• Instructions for the task: Below are the records; reproduce all of them exactly but without any images.

• Data supplied:
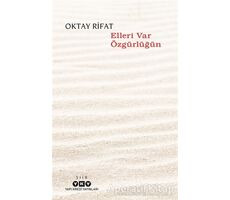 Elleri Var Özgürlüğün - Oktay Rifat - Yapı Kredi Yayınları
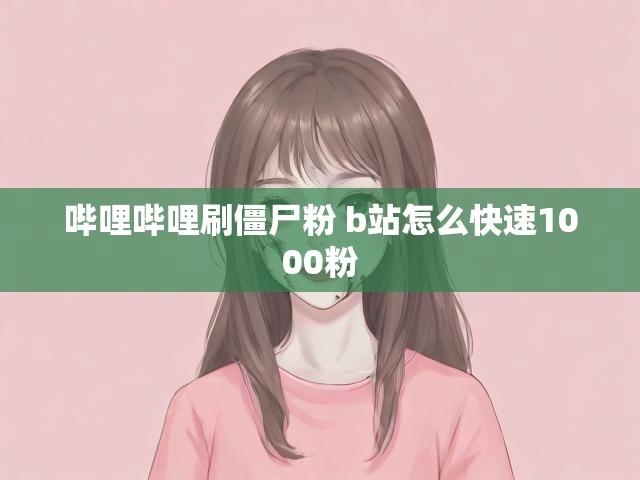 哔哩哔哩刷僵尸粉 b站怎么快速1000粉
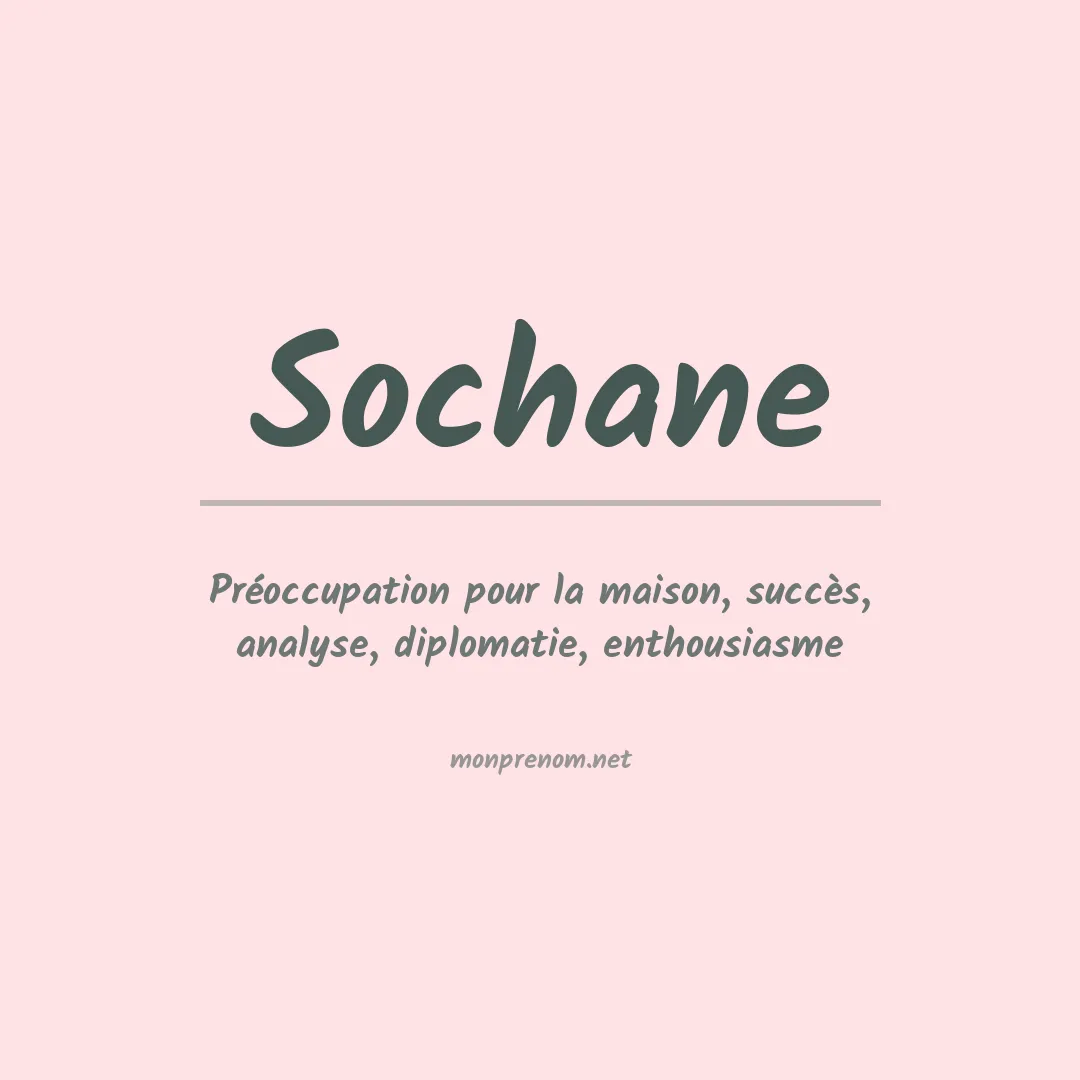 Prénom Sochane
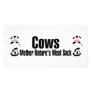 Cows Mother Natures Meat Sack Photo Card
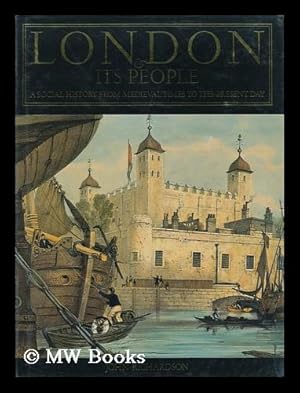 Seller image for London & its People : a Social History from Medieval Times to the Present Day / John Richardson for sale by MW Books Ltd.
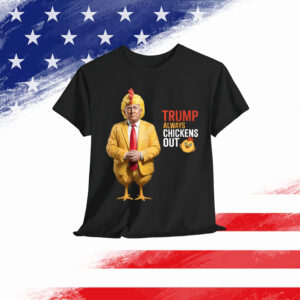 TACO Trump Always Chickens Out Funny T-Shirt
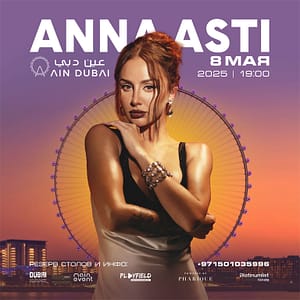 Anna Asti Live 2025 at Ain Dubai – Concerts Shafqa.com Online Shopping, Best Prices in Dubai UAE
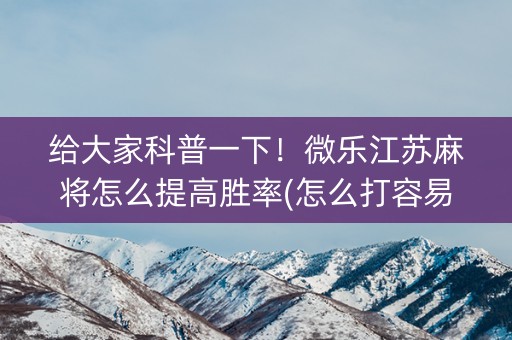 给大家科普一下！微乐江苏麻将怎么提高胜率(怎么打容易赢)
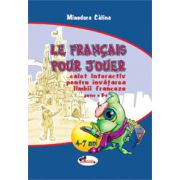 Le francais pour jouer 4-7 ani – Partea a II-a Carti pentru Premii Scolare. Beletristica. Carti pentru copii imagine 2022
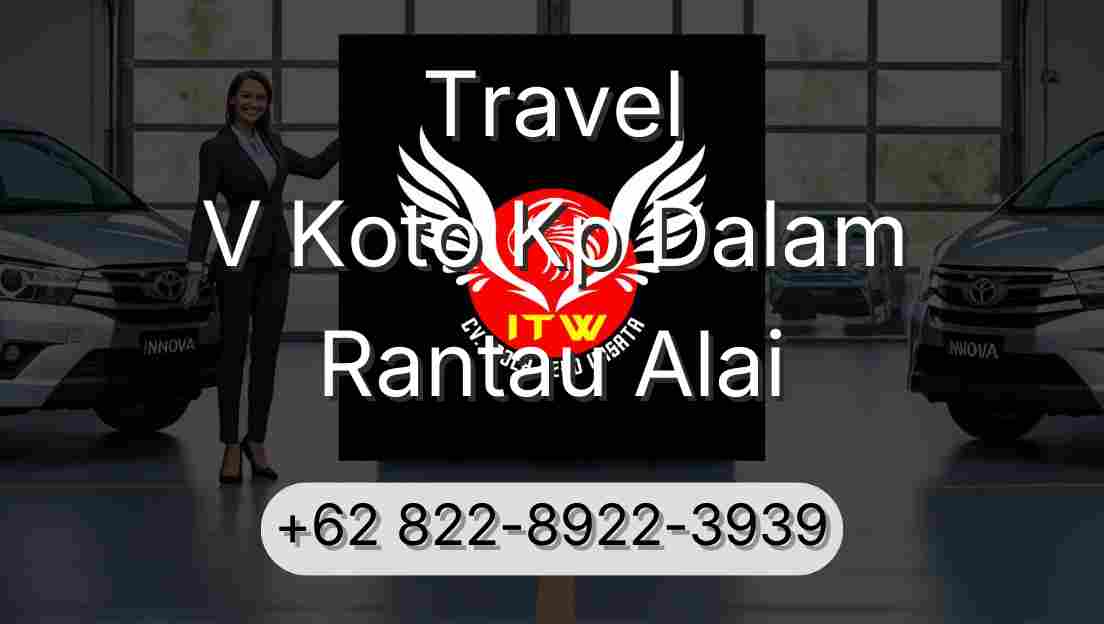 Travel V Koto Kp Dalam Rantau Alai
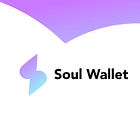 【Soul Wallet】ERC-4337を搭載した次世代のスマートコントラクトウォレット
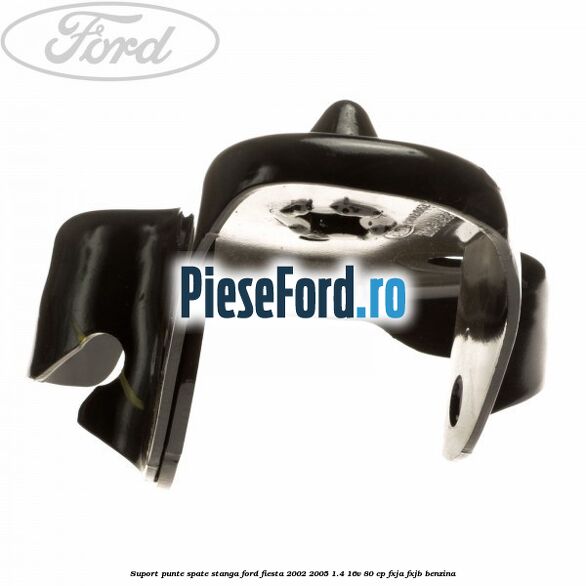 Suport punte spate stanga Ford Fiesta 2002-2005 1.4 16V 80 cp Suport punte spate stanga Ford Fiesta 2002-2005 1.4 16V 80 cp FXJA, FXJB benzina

• Your solution:
 Elleri Var Özgürlüğün - Oktay Rifat - Yapı Kredi Yayınları
 哔哩哔哩刷僵尸粉 b站怎么快速1000粉
 Prénom Sochane
 Cows Mother Natures Meat Sack Photo Card
 Seller image for London & its People : a Social History from Medieval Times to the Present Day / John Richardson for sale by MW Books Ltd.
 TACO Trump Always Chickens Out Funny T-Shirt
 Anna Asti Live 2025 at Ain Dubai – Concerts Shafqa.com Online Shopping, Best Prices in Dubai UAE
 给大家科普一下！微乐江苏麻将怎么提高胜率(怎么打容易赢)
 Le francais pour jouer 4-7 ani – Partea a II-a Carti pentru Premii Scolare. Beletristica. Carti pentru copii imagine 2022
 Travel V Koto Kp Dalam Rantau Alai
 【Soul Wallet】ERC-4337を搭載した次世代のスマートコントラクトウォレット
 Suport punte spate stanga Ford Fiesta 2002-2005 1.4 16V 80 cp Suport punte spate stanga Ford Fiesta 2002-2005 1.4 16V 80 cp FXJA, FXJB benzina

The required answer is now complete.